Die Behauptung

Mit einem Sharepic sucht das ZDF angeblich Komparsen, um den Angriff des russischen Militärs auf Mariupol nachzustellen, da kein Originalmaterial zur Verfügung stehen würde.

Unser Fazit

Es handelt sich um eine Fälschung: Mehrere Rechtschreibfehler, Sachfehler und ein Kurzlink auf eine nicht mehr vorhandene Stellenanzeige, in der nicht einmal nach Komparsen gesucht wurde, entlarvt das Sharepic als plumpe Fälschung.

Um dieses Sharepic handelt es sich:

Die gefälschte Suche nach Komparsen
Die gefälschte Suche nach Komparsen

„Um die Grausamkeiten der russischen Invasion in der Ukraine authentisch, zwecks Liveberichterstattung, nachzuspielen benötigen wir 300 männliche Komparsen.“

So die Einleitung der gefälschten Stellenanzeige, inklusive Kommafehler (fehlendes Komma hinter „nachzuspielen“). Für drei Tage im Aptil (sic!) bekämen die Komparsen 100 Euro pro Tag und 20 Euro Fahrgeld.

„Dieses ist als Doku im Auftrag von ZDF gedacht, um die Verbrechen russischen Militärs in Mariopol für die Tagestheman und den Weltspiegel nachzugestalten, da leider Originalmaterial nicht vorhanden ist.“

„Mariopol“ statt „Mariupol“ und „Tagestheman“ statt „Tagesthemen“, doch in dem Satz finden sich auch noch zwei Sachfehler:
Sowohl Tagesthemen als auch Weltspiegel werden von der ARD produziert, nicht vom ZDF.

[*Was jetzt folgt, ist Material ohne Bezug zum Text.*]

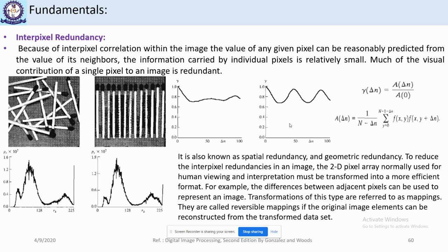The autocorrelation is calculated as: autocorrelation(Δn) = a(Δn) divided by a(0), where a(Δn) equals 1 divided by (N − Δn), multiplied by the summation over y from 0 to N−1−Δn of f(x,y) × f(x, y+Δn). This means we are finding the correlation of a pixel with another pixel that is Δn positions away from it.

Bleibt noch die Kurz-URL, hinter der sich ein Formular verbergen soll: Diese führt zu einer Stellenanzeige auf Stepstone (siehe HIER), die jedoch mittlerweile gelöscht wurde. „Aha, die haben wohl schon ihre Komparsen gefunden“, mag sich der durchschnittliche Verschwörungserzähler, der glaubt, dass alles ohnehin inszeniert sei, denken, doch weit gefehlt, denn die Anzeige ist in der Wayback Machine einsehbar (siehe HIER).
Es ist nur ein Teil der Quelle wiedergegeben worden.